Evaluate the predictive performance of your model on the test set

In [11]:
from sklearn.metrics import confusion_matrix
y_test_pred = knn.predict(X_test) #the predicted values
cm = confusion_matrix(y_test, y_test_pred) #creates a "confusion matrix"
cm

array([[342,  28],
       [ 64,   7]], dtype=int64)

the confusion matrix shows the 30% of the test model, equivalent to a sample of = 441. The values represented are 0 for Attrition NO ( 342, 64), 1 for Attrition YES ( 28, 7) as shown above with Attrition.counts() 
Furthermore, we can confirm this with knn.classes as shown below: 

In [12]:
knn.classes_

array([0, 1], dtype=uint8)

the above matrix can be made prettier and a new dataframe will be created

In [13]:
conf_matrix = pd.DataFrame(cm, index=['Attrition NO (actual)', 'Attrition YES (actual)'], columns = ['Attrition NO (predicted)', 'Attrition YES (predicted)']) #make a dataframe, put labels on rows (index) and columns 
conf_matrix

Unnamed: 0,Attrition NO (predicted),Attrition YES (predicted)
Attrition NO (actual),342,28
Attrition YES (actual),64,7


With this matrix we can double check the already calculated precission of the model.

In [14]:
(342 + 7) /(342 + 28 + 64 + 7)

0.7913832199546486

79,13 % is once again confirmed. 

Furthermore, the precission and recall of the model can be measured. Its only calculated for one outcome, so we will carry on with Attrition = Yes, as this is the outcome defined in the beginning to be predicted.
According to the confussion Matrix, we can work with the following formula to calculate the precission of the prediction for attrition.
PRECISSION:

In [15]:
7 / 35

0.2

The precission of the model is of 20% recall, way below our accuraccy. so for the outcome Attrition = Yes, 20% would be correctness of the prediction. Possible reasons are that the occurance of Attrition is not to representative in the data set ( only a 15,85 % of the total data.
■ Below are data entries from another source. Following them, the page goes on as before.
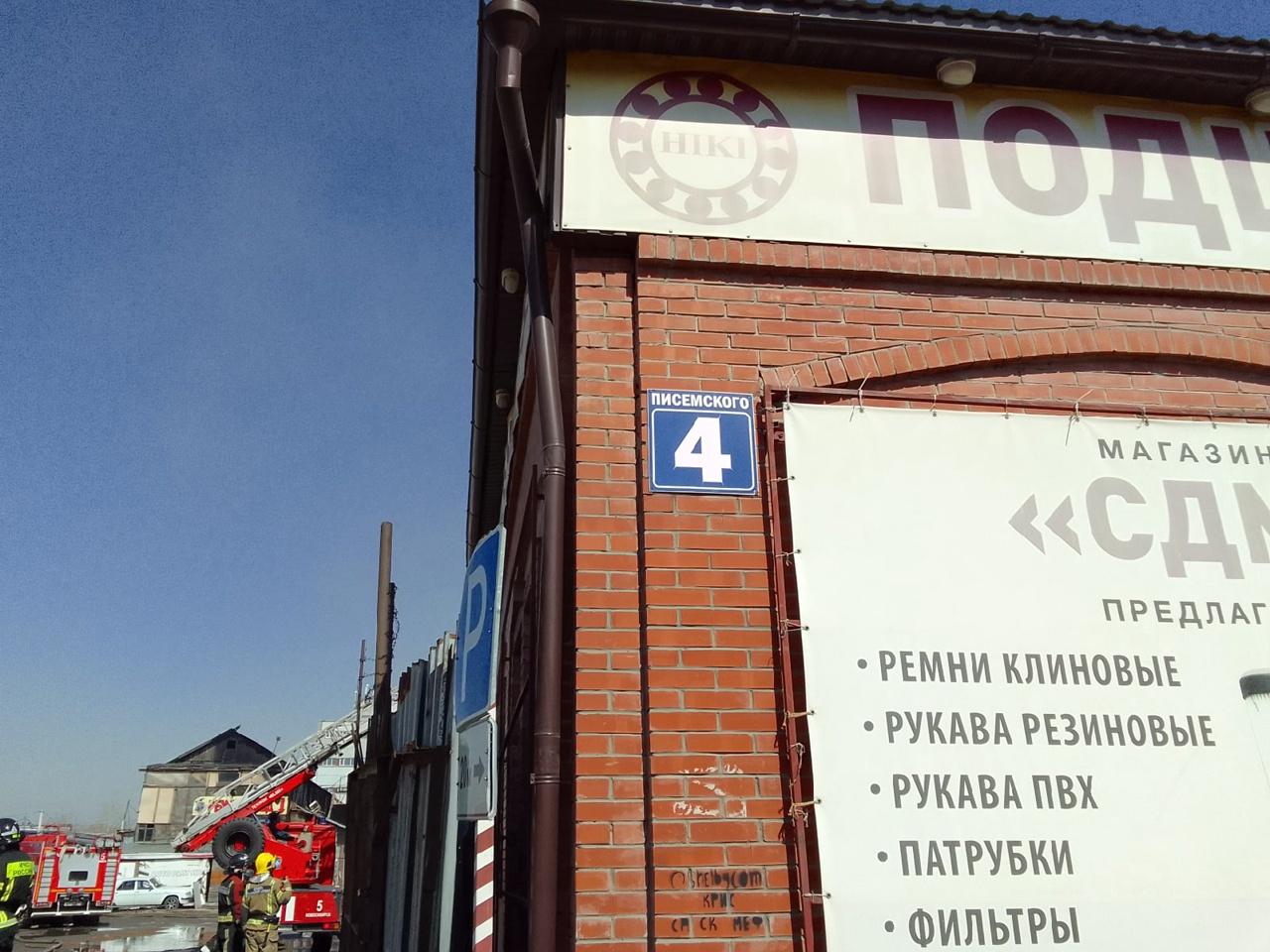 Фото «Вынесли без сознания»: как тушили крупный пожар на складе автомасел и запчастей в Новосибирске − 15 жутких фото 4
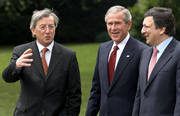 Jean-Claude Juncker, Premier ministre luxembourgeois, George W. Bush, Président des Etats-Unis d'Amérique, et José Manuel Barroso, Président de la commission européenne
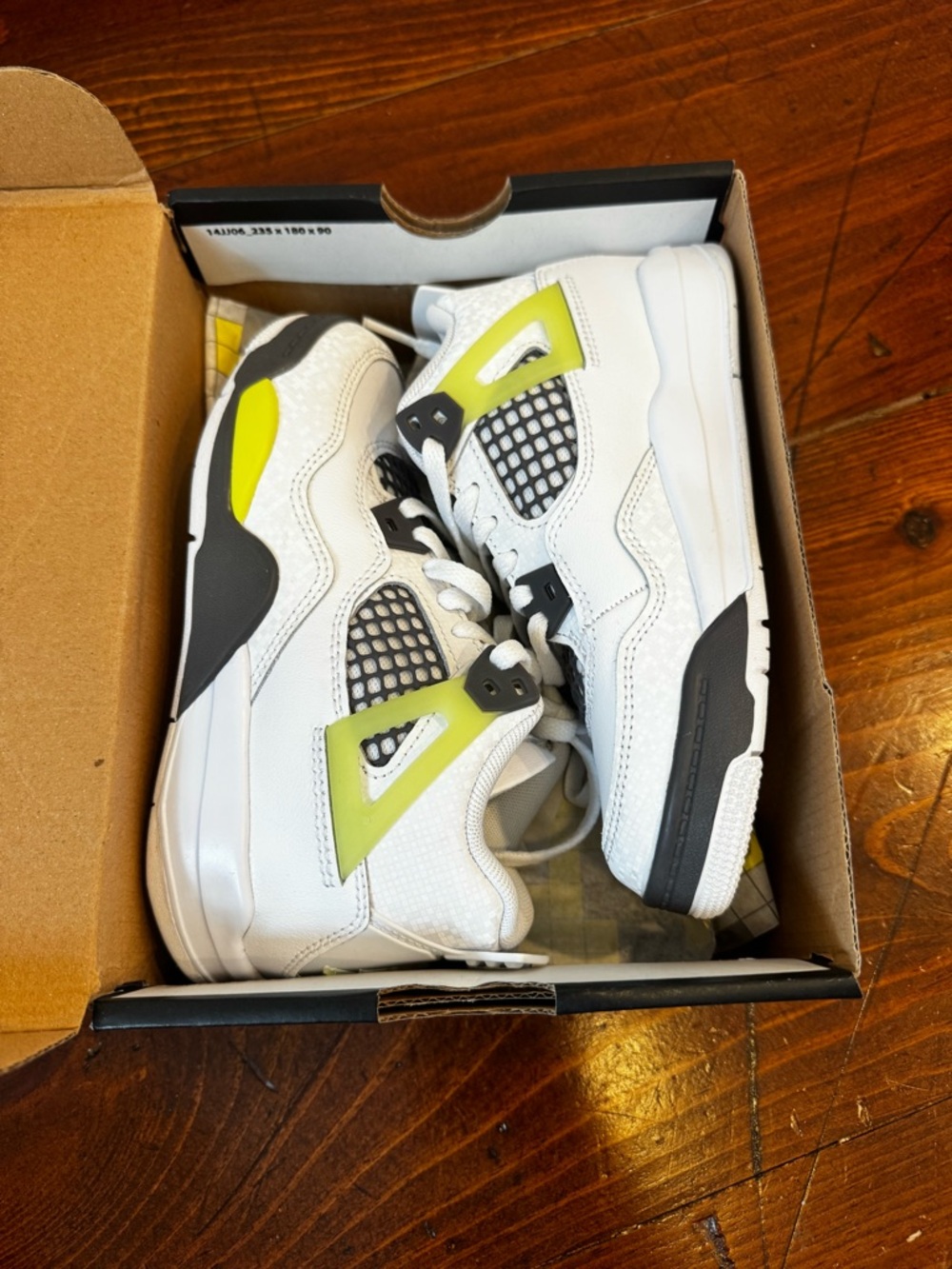 Jordan 4 Retro PS Kids' White/Lemon Twist. 13C NIB - Picture 8 of 10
Now recall, the number of correct predicted Employees who are leaving the company:

In [16]:
7 / 71

0.09859154929577464

the recall is 9,85 %, which is very low.
It is clear demonstrated that the most common outcome is predicted better, because its richier in data. Thus, to predict the people who will stay could give us way better results in matter of precission and recall.